Abraham Walkowitz’ studies and drawings at Figureworks Gallery in Williamsburg comprised eight years of work, from 1900-1908 (from just prior to his first exhibition at Alfred Stiegletz’ 291 Gallery in 1908). Walkowitz was part of a group of young artists Stieglitz exhibited - like John Marin and Marsden Hartley - who likewise had travelled to Paris and returned to follow the artistic events in Europe, with each showing four years later in the Armory Show. As a whole, all of Walkowitz’ drawings have a freshness in which the face of the paper speaks through his direct yet abstract mark making. Included are roughly two thematic categories of high and low themes: the dream work of avant garde Paris pursued through lyrical, linear studies of movement. Based on dances by Isadora Duncan, they suggest her free flowing motion through Walkowitz’ use of continuous “automatic” line. The selection of drawings here is only a small sampling of the many hundreds that Walkowitz completed in which Duncan’s figure dematerialises into loosely woven strands of single, lyrically looping lines. Sketchbook in scale, optimistic and youthful in spirit, they reflect the influence of Rodin whose studio Walkowitz had visited, and whose figure studies were shown at 291 in 1908. The relationship of dance to painting was also a topic that was written about in Stiegletz’ magazine Camera Work, where the adaptation of the “aesthetic rules of painting” to photography was theorized. This publication created a milieu that must have encouraged Walkowitz’ experiments in translating temporal movements of Duncan’s body as quickly as the camera could capture reflective light.
Walkowitz’ portraits of people on the streets of New York portray groups of figures who face the viewer and reflect both a collective memory of Eastern Europe and his own immigrant experiences.

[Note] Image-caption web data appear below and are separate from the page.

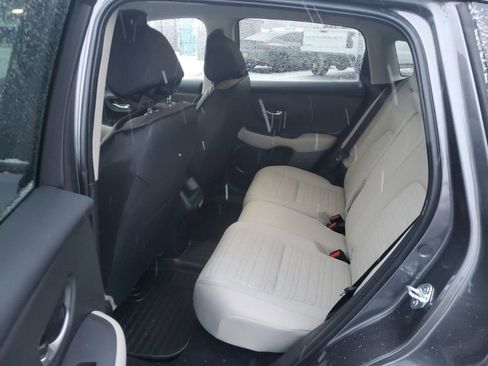 Certified 2026 Honda HR-V LX image 25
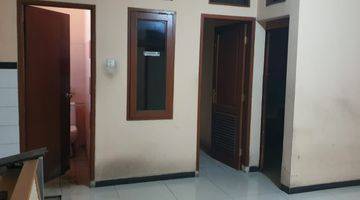 Gambar 2 Dijual rumah 2  lantai diperumahan pinus 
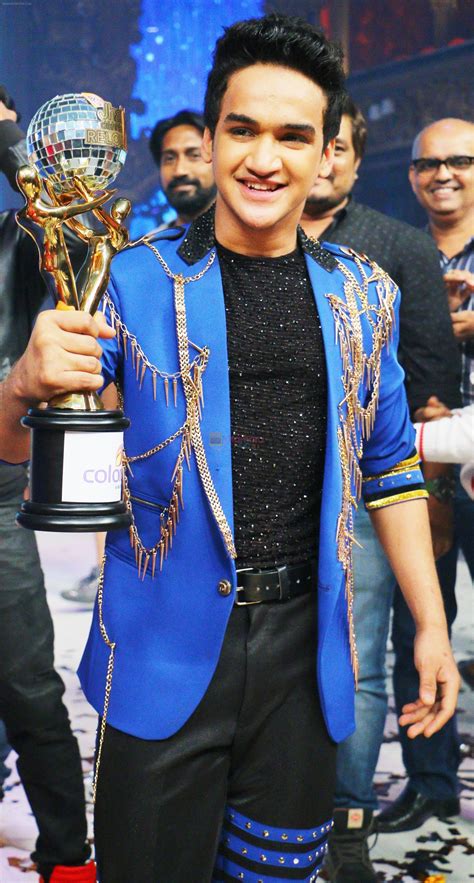 Faisal Khan With Jhalak Dikhhla Jaa Reloaded Winning Trophy Faisal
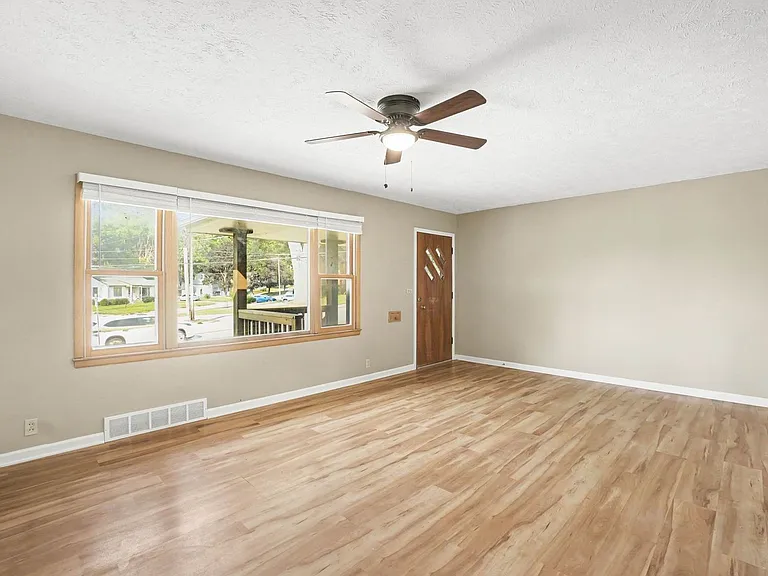 6767 Military Ave — Photo 3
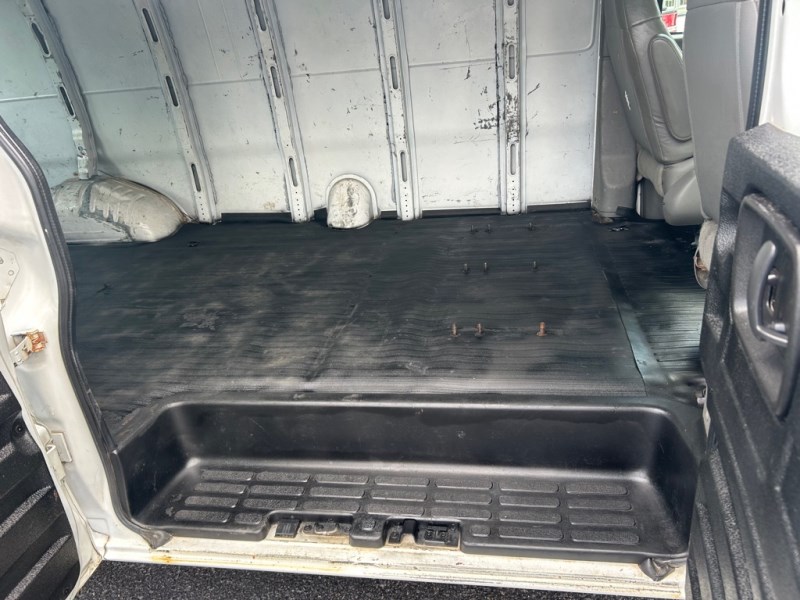 Additional photo of vehicle.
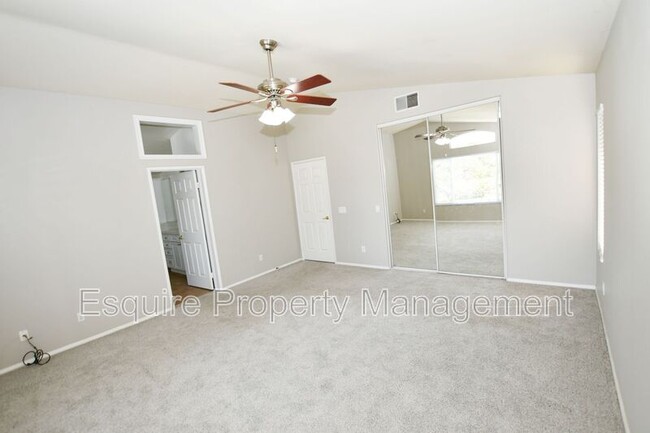 Building Photo - 508 Via Marquesa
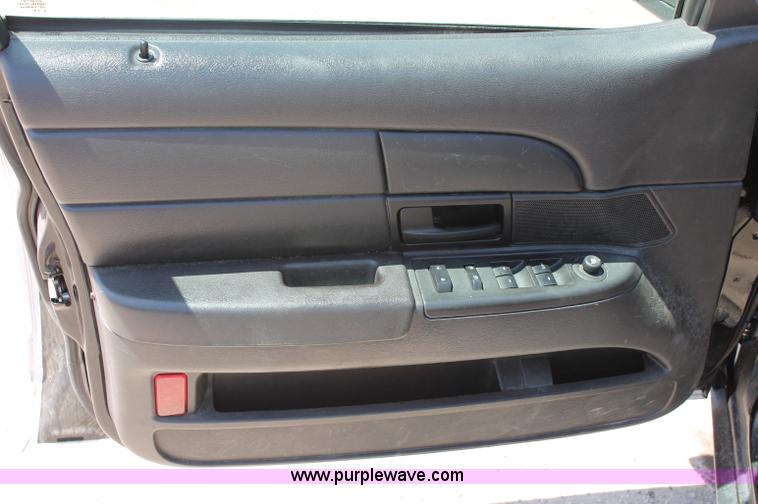 image for item D7879 2010 Ford Crown Victoria Police Interceptor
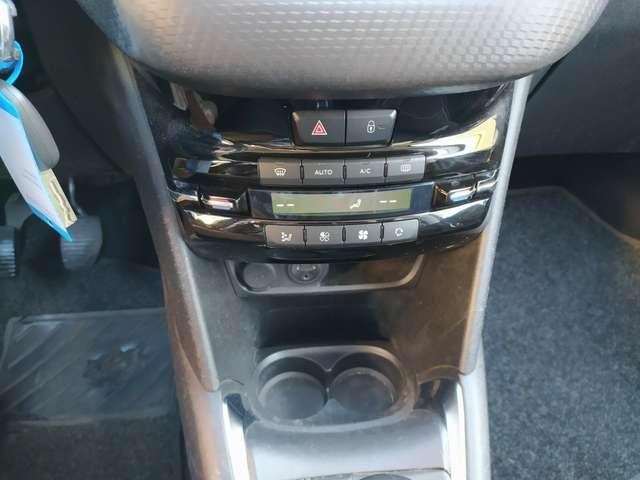 Peugeot 208 208 I 5p 1.6 bluehdi Allure 75cv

Painted with a thick brushwork of open mark making, they fuse an expressionist touch that is reminiscent of Prendergast’s intimate, Nabi-like vision. Likewise, when Walkowitz became part of Stieglitz’ inner circle, he introduced Stieglitz to his poor yet articulately fervent friends from the Lower East Side.
Although Stieglitz had pioneered Gallery 291 through his conviction that the artist was a lone visionary, and that his own mission was to combat the sluggishness of the “common herd,” Walkowitz’ circle of friends, who had joined the fight for social justice during the 1913 Paterson workers’ strike, as well as his introduction of Stieglitz to the Proletarian magazine, The Masses, expanded the gallerist’s awareness.
Mor Pipman combed through approximately 1,000 of Milton Resnick’s paintings titled, X Spaces, O Spaces, and Keys, made from 2001 to 2004 to curate a show of thirty paintings on paper, and reflecting Resnick’s vision in its most mature phase. Exhibiting Resnick’s Late Works at the New York Studio School is fitting because Resnick was an admired and influential teacher there. If moderately scaled, these works are grand in their synthesis of his thinking about the role and task of the artist.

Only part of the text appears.